Ninguém esperava o fenômeno que cortou o céu naquele abril de 2016 na pequena cidade de São Miguel das Missões, interior do Rio Grande do Sul. Já era quase noite quando um tornado se formou sobre a cidade, destelhando dezenas de casas e atingindo parcialmente o sítio arqueológico das Missões, considerado Patrimônio da Humanidade pela Unesco. A tempestade felizmente não fez vítimas fatais, mas afetou o museu e destruiu objetos que guardam a história do Brasil, incluindo esculturas dos séculos XVII e XVIII e a cobertura da sacristia da Igreja, elemento central do museu.

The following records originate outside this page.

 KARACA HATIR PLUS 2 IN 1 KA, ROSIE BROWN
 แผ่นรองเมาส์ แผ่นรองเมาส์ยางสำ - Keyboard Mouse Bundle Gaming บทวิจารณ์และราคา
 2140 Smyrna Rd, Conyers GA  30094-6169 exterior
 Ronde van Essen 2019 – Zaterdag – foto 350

O conjunto arquitetônico de São Miguel das Missões é o mais conhecido dos cinco sítios arqueológicos que salvaguardam a memória da ocupação jesuíta e da conversão dos guaranis da região sul ao modo de vida dos padres da Companhia de Jesus. Hoje, o sítio recebe todo mês milhares de turistas e estudantes que se encantam com a imponência das fachadas e o estado preservado dos sinos e esculturas de anjos que os indígenas produziam, sem o reconhecimento de sua autoria individual.

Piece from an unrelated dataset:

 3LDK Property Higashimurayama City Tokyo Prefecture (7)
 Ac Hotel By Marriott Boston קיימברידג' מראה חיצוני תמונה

Embora o Estado brasileiro, na figura do Iphan, seja um dos responsáveis por evitar qualquer dano que altere ou destrua bens tombados como as Missões, na prática muitos casos escapam a uma proteção eficaz. Nas últimas décadas, profissionais que atuam na área têm encontrado dificuldades para proteger as localidades históricas do país, principalmente por causa de desastres ambientais. Foi o caso do casarão construído no século XIX que desabou em janeiro de 2022 em Ouro Preto, Minas Gerais, após o deslizamento de um morro. A área já havia sido evacuada pelo risco de acidentes, mas não foram tomadas ações suficientes para evitar o dano ao patrimônio histórico.

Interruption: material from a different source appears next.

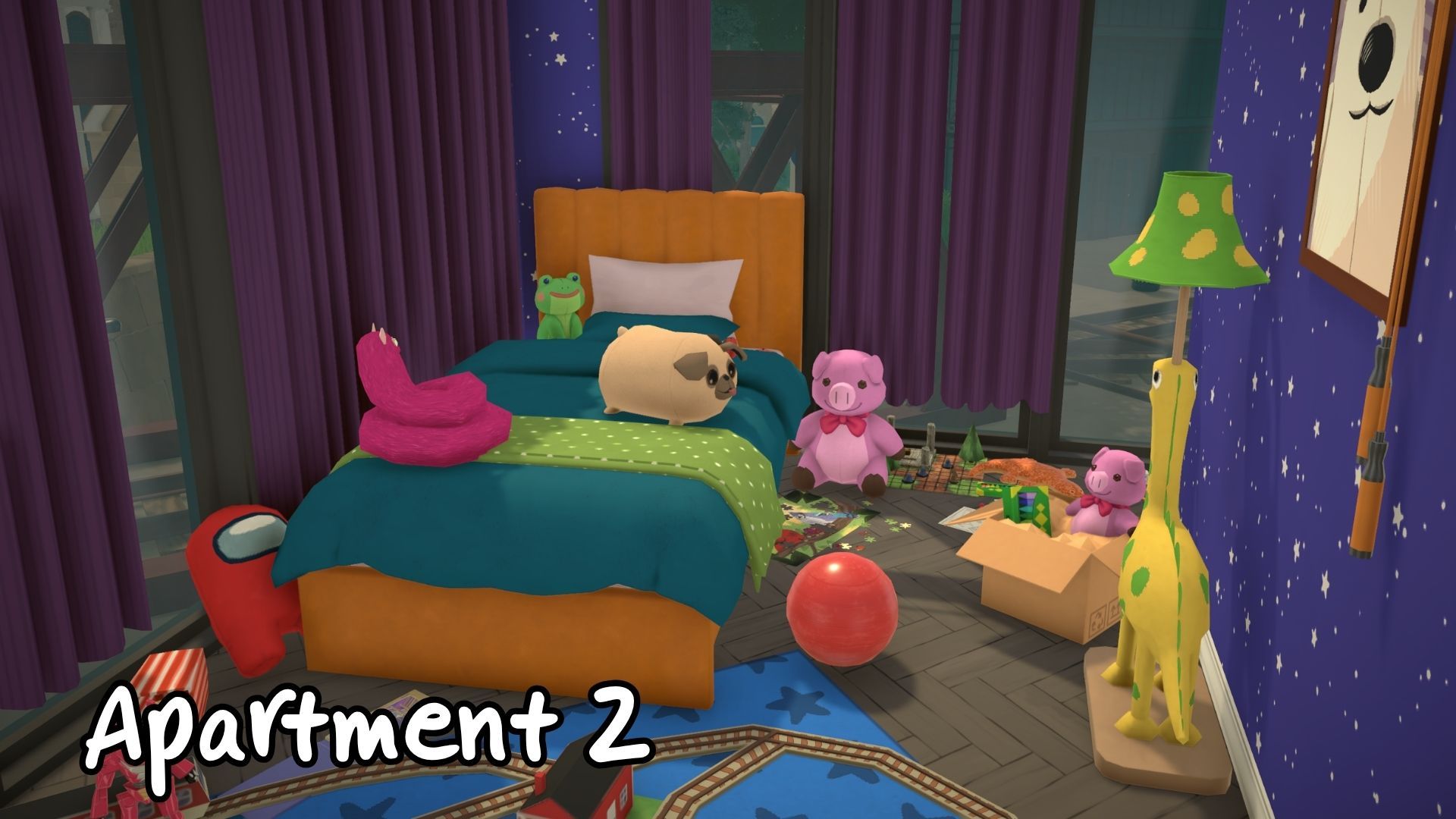Modern City Duplex image 7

“Dentro de um contexto de desastre, a prioridade é a vida humana. Mas quando se perde um patrimônio, centenas de vidas perdem sua memória”, aponta a doutora em arqueologia Luana Campos, secretária do Comitê de Mudanças Climáticas do Icomos – Conselho Internacional de Monumentos e Sítios.
Mudança climática é uma expressão chave para entender os desastres contemporâneos causados ao patrimônio, segundo especialistas da área com quem o Nonada conversou. Carla Teixeira, doutora em Arquitetura e Urbanismo, explica que os impactos variam conforme a região do planeta e aponta algumas consequências que podem ocorrer devido ao aquecimento global: “danos a sítios e edifícios históricos localizados em zonas litorâneas resultantes do aumento do nível do mar, aumento da incidência e intensidade de tempestades, contribuindo para a ocorrência de enchentes e deslizamentos de terra e aumento da temperatura, que pode contribuir para a aceleração dos processos de deterioração de materiais sensíveis.”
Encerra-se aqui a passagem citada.